Found this forum via a friend. Site perked up my interest in creating some Halloween goodies. Glad to be in board and hello to everyone.


----------



## Joiseygal (Sep 3, 2008)

Hello and Welcome! Who is your friend and did he ever attend the NJ/PA/NY Make and Take? I hope you like it here we have so many talented people who post on this site. I'm sure you will have people from the group contacting you if you want to join the make and take. Enjoy!


----------



## trishaanne (Aug 20, 2005)

Hello and welcome to another haunter from the Garden state! As Sharon mentioned, the NJ/PA/NY Make and Take group will probably contacting you...ok, ok.....that's my job I guess as the hostess of the group..lol.

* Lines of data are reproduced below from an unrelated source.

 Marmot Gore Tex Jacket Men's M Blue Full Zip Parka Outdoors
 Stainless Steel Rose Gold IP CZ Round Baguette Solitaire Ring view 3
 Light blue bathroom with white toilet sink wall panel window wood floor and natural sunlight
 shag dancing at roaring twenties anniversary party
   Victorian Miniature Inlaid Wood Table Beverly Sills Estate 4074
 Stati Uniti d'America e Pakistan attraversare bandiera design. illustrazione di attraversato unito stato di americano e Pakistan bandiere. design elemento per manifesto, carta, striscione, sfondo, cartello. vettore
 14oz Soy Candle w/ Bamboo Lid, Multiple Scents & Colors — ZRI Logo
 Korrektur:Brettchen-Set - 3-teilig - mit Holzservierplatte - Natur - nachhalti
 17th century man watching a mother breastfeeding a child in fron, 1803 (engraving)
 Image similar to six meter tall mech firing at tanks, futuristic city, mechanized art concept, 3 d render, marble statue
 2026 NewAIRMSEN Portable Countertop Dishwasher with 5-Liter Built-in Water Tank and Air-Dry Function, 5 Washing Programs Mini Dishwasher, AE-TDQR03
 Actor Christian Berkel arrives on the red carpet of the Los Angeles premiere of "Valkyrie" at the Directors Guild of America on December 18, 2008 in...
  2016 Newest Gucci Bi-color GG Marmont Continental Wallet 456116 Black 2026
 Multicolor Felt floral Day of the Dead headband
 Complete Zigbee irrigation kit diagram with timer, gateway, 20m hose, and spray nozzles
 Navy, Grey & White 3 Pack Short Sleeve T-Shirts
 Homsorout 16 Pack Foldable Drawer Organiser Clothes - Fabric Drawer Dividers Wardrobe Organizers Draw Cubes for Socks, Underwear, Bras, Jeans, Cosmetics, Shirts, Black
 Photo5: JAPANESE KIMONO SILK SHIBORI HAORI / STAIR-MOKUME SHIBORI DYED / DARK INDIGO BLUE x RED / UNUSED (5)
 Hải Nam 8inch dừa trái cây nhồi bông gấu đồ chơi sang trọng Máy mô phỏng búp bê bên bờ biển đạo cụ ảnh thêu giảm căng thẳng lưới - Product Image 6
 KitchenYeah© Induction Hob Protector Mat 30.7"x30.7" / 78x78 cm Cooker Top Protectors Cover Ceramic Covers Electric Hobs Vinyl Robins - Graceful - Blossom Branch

We meet once a month here in Neptune, and you can find all the information in the Gatherings and Events section of the forum. If you're interested in joining us, send me a PM and I'll send you all the information. The more the merrier (especially now that the weather is getting warmer). We've been meeting consistently for almost 5 years now, only missing MAYBE 6 or so meetings in all those years, and have grown from 4 to around 23 people. 

Welcome aboard!


----------



## fick209 (Aug 31, 2009)

Welcome to the forum warthog!


----------



## Sickie Ickie (Jun 20, 2006)

Howdy and welcome to our little place we call.....hauntforum.


----------



## Sickie Ickie (Jun 20, 2006)

HUH? Hey trish, how did you post before warthog did?


----------



## Evil Queen (Mar 8, 2008)




----------



## Death's Door (Mar 22, 2006)

Hello and welcome to the forum warthog!!!!


----------



## Frighteners Entertainment (Jan 24, 2006)

Glad to have you!


----------



## trishaanne (Aug 20, 2005)

LOL...I'm psychic? Magic? Talented? NAH.......they posted, then Joiseygirl posted then me. Maybe it showed up backwards on your computer! :googly:


----------



## hauntedyardofdoom (Nov 6, 2008)

welcome from another Jerseyite


----------



## SPOOKY J (Nov 20, 2009)

Hello and Welcome!


----------



## Goblin (Jun 3, 2009)




----------



## morbidmike (Sep 11, 2009)

welcome


----------



## DoomBuddy (Mar 1, 2009)

Welcome!


----------



## uncledeathy (Jun 23, 2009)

welcome!


----------



## DarkLore (Jan 25, 2009)

Hello New Jersey. Welcome to the forum warthog.


----------



## Vlad (Aug 2, 2005)

Welcome to the forum.


----------



## HAUNTEDBARN (Apr 20, 2010)

Hi


----------



## scareme (Aug 29, 2006)

Howdy warthog.


----------



## hpropman (Jul 27, 2008)

Hello and welcome I am also part of the NJ/PA make and take group. wher in NJ are you located?


----------



## Spooky1 (Aug 25, 2008)

Welcome to the forum, warthog


----------



## HAUNTEDBARN (Apr 20, 2010)

welcome


----------



## ScreamingScarecrow (Oct 1, 2008)

Hello!

ScreamingScarecrow Screams&#8230;


----------



## Dark Angel 27 (Sep 11, 2008)

Greetings and welcome to the forum! Very interesting handle... :lolkin:


----------